Politicians and social investors have made much of the potential advantages of payment by results for stimulating innovative approaches to entrenched social problems.
Perhaps the classic model of PbR is one where the commissioners stipulate the outcomes they desire and then wait to see whether providers deliver them, safe in the knowledge that if providers fail to meet the contract requirements, they will not be paid. This model typically espouses a “black box” approach where providers are free to design the service in any way they see fit. This freedom is the factor that facilitates the ability to innovate combined with the fact that providers will not need to invest time and resources in regular performance monitoring and meetings with commissioners, being judged instead solely on the outcomes they achieve.
The evidence
To date, the evidence on whether PbR stimulates innovation is very mixed. There are a number of positive examples:
- An evaluation of the St Giles Trust through-the-gate prison resettlement model (subsequently used in the Peterborough and Doncaster Prison PbR pilots) found that it brought a tenfold return on investment.
- Research into a PbR approach to substance misuse provision in Delaware, USA fostered the adoption of new, evidence-based clinical interventions and an expansion of opening hours (for more details, see the 3rd post in this series).
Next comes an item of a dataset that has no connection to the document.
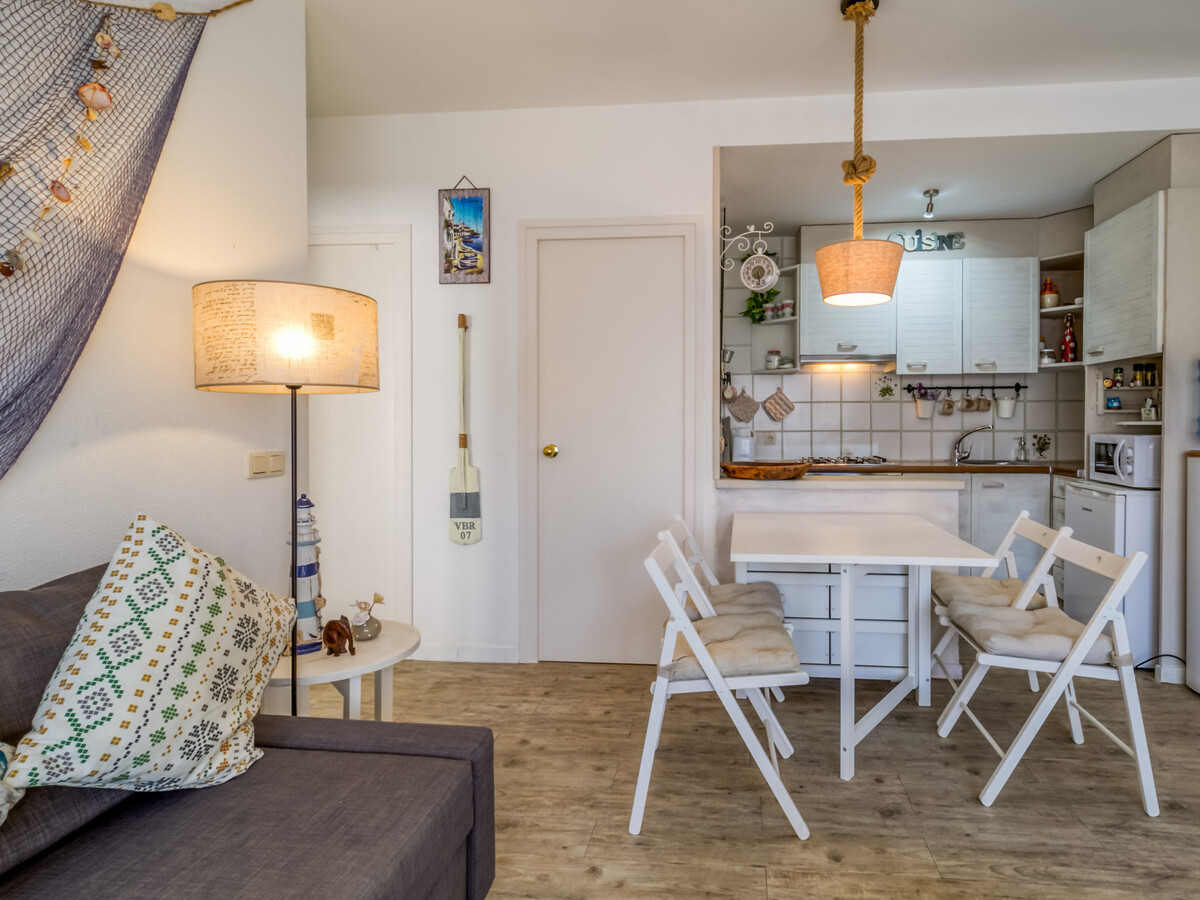 Appartement 2 pers. Calella, 5 min plage, centre-ville - Photo 10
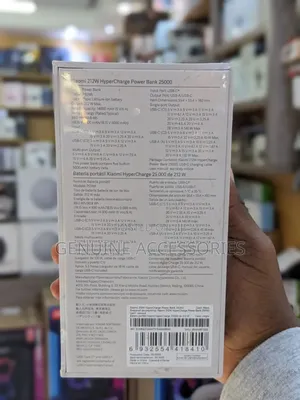 Xiaomi 212w Hypercharge Power Bank 25000mah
- The DCLG evaluation of the London rough sleepers pilots praised the innovative navigator model (see here for a summary of the evaluation).
However, these examples are in the minority. The DWP-commissioned study of the outcome-based contracting of the Work Programme did find innovation in provider-led pathways; but these were much more about reducing operational costs and achieving performance efficiencies rather than developing new, more effective ways of helping long-term unemployed people into work.
PbR can reinforce old methods
A number of research studies found that, especially when contracts were very tightly priced, providers felt pressurised to stick to tried and tested methods of working for fear that they would not get paid and their service (or indeed organisation itself) would fail. This same attitude often applies to investors too when, as is frequently the case — especially in the US — PbR schemes are funded by Social Impact Bonds or other forms of social investment.
This “we can’t afford the risk of being innovative” phenomenon has been found to be the case in an number of arenas:
International development (see this report by Bond International)
KPMG found this to be particularly true for Australian schemes funded via Social Impact Bonds where they found a contradiction between the goals of service innovation and building an investment bond on a sound evidence base (report here).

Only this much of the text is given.